International Affairs

With the increasing importance of world issues to the United States, employment opportunities in government, international organizations, and business continue to expand. Today there is an urgent need for college graduates with a strong background in international affairs. To meet this need, the University of Colorado offers a comprehensive and flexible interdisciplinary program in international affairs leading to the BA degree.

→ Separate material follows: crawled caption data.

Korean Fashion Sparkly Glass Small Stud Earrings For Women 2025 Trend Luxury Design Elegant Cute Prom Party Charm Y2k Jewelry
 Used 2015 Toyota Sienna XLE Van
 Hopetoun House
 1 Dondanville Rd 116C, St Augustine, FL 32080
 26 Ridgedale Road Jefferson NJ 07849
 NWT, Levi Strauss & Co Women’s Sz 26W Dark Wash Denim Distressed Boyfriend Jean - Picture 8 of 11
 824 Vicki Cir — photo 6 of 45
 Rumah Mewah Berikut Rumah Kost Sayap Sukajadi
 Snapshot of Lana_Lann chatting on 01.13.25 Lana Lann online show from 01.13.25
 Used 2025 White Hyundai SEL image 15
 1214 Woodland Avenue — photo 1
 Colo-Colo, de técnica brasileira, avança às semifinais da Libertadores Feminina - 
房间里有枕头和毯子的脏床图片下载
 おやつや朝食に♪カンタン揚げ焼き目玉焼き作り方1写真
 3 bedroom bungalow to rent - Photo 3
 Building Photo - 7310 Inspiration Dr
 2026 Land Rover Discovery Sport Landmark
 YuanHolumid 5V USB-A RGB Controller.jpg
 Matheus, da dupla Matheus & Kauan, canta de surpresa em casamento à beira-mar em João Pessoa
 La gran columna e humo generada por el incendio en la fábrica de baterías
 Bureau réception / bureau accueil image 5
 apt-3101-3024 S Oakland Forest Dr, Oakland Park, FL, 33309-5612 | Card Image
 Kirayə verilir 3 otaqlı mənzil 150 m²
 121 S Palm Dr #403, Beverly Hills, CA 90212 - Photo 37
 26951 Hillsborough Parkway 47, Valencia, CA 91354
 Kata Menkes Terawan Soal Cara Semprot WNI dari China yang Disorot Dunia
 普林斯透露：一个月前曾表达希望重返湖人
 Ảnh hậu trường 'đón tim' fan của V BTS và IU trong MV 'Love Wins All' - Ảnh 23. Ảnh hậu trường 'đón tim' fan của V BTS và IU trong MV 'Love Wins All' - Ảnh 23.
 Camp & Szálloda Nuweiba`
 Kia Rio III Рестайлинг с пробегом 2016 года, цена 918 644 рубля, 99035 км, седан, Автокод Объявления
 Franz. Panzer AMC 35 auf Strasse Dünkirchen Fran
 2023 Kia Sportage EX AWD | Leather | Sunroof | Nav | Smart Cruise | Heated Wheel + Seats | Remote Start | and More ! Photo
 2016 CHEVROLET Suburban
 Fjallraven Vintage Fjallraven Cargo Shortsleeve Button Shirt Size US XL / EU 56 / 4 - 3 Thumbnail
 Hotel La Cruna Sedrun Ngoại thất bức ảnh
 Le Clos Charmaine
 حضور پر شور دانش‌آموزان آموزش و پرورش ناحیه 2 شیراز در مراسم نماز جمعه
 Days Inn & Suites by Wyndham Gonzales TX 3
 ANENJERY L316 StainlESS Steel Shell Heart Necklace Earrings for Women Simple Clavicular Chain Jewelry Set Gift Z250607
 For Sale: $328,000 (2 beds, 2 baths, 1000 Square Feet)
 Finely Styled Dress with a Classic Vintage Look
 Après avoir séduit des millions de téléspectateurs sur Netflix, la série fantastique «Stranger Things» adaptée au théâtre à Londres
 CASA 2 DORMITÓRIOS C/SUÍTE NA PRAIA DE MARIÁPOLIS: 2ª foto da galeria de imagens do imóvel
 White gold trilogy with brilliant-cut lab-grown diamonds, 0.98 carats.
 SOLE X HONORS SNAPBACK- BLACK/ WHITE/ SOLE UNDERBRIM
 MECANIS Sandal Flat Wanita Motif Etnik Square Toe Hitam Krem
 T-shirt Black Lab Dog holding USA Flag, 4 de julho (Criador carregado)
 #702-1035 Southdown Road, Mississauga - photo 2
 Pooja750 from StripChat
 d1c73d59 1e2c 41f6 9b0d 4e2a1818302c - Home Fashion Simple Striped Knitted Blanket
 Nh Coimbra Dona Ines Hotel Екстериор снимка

The undergraduate degree in international affairs emphasizes knowledge and awareness of:

  • major political, economic, social, and ­cultural problems facing the international community, including international economic relations, world population, and ­resource utilization
  • the international political system in the broadest global context, international organizations and alliances, and foreign political systems and processes
  • ethical issues involved in international relations
  • patterns of conflict and ­cooperation among nations and peoples
  • chief historical factors that give rise to existing international institutions and processes
  • problems and issues in United States foreign policy  

In addition, students completing the ­degree in international affairs are expected to acquire the ability and skills to:

  • analyze an international problem from a political, economic, historical, and cultural perspective
  • read, critically evaluate, and synthesize information obtained from international affairs literature
  • analyze international phenomena critically 
  • communicate, orally and in writing, findings to other students of international affairs and to a broader audience

Course code for this program is IAFS. 

Bachelor's Degree Program(s)

Bachelor’s Degree in International Affairs

Students must complete the general requirements of the College of Arts and Sciences and a minimum of 51 hours of specified courses with a grade of C- or better (none may be taken pass/fail), distributed as follows

Required Courses and Semester Credit Hours

Lower-division (18 hours)

  • ECON 2010 Principles of Microeconomics—4 
  • ECON 2020 Principles of Macroeconomics—4
  • IAFS 1000 Global Issues and International Affairs—4
  • PSCI 2012 Introduction to Comparative Politics—3
  • PSCI 2223 Introduction to International Relations—3


Complete the requirements listed below for functional area, geographic concentration, major elective, foreign language, and senior seminar.  IAFS 3000 can be repeated up to 9 credits for different topics.    

  • Functional Area (18 hours)
    Students must complete one class in each of the four functional areas and complete two additional classes in any functional area.  Students cannot apply more than four functional area classes from any one department. 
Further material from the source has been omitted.